Congress, Bern, Switzerland, 5–6 February 2020
Homage to the 170 years since the founding of Swiss Post (est. 1849)
Organized by the History and Computing Association,
the Museum of Communication, and the PTT Archives, Bern, Switzerland
Extended deadline: 15 September 2019
The Internet of Objects, Artificial Intelligence, Smart Cities, and the 5G mobile communication standard are among the many challenges facing today public and private entities in charge of communication infrastructures. That technological evolution is “disruptive” is, however, nothing new: from the invention of telegraphy and railways to Internet and drones, the communications sector’s established ways of doing had to be repeatedly reinvented.
The interaction between technological innovation and governance of communication infrastructures — the essence of the “guiding star”, as suggested by the title — constitutes the theme of the conference in February 2020. We wish to explore how innovation was steered by postal and telecommunication companies, as well as by other public and private players in the field of communication infrastructures: enterprises, governments, professional and state organizations, the users.
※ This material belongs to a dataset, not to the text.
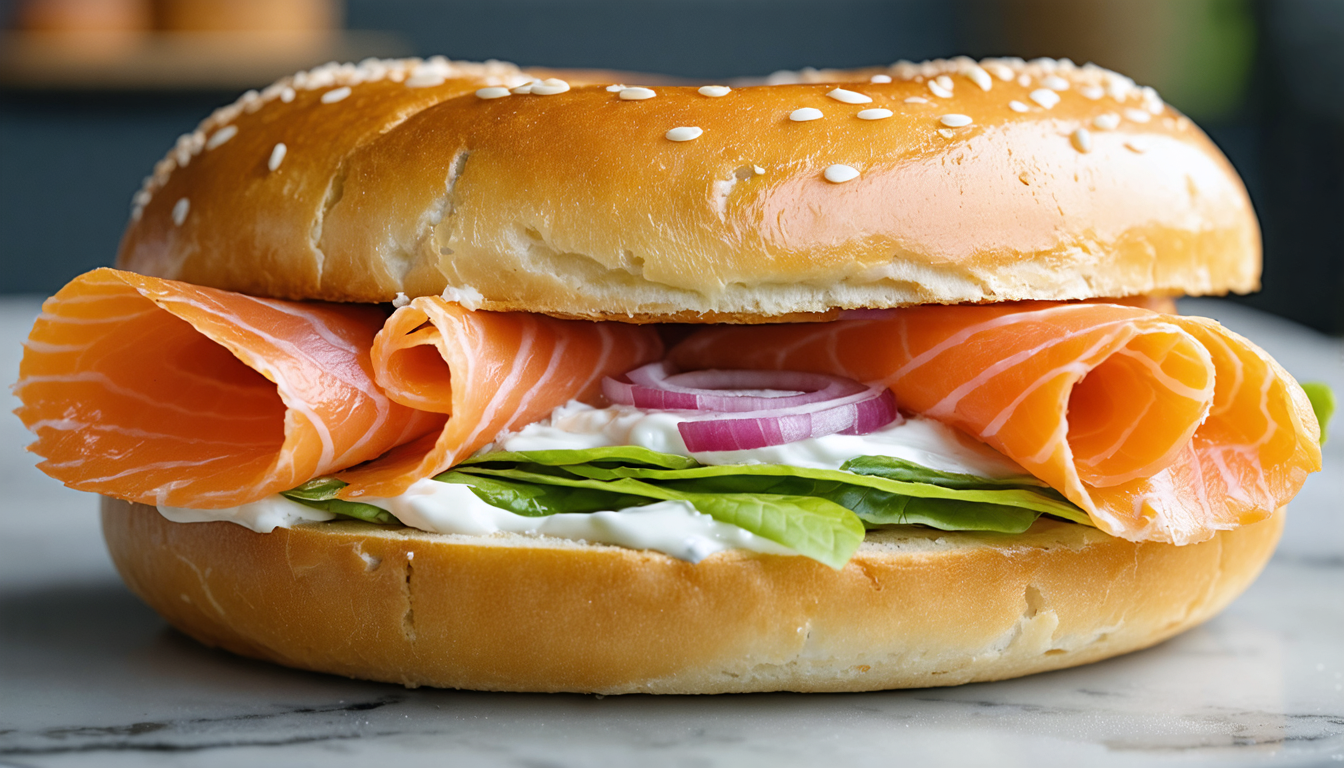 découvrez notre recette incontournable du bagel légèreté au saumon fumé, une délicieuse spécialité street food alliant fraîcheur et saveurs gourmandes. parfait pour un repas rapide et savoureux !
Innovation being inherently unforeseeable, it can be regulated and steered only with difficulty — which didn’t hold companies and governments back from trying to channel technological evolution and make it more compliant with their respective motivations. Thus the question arises where “innovation” is located for the different players on the spectrum ranging from invention and vision to utopia and ideology. The conference intends to shed light on how the steering of innovation in postal and other communication infrastructures functions.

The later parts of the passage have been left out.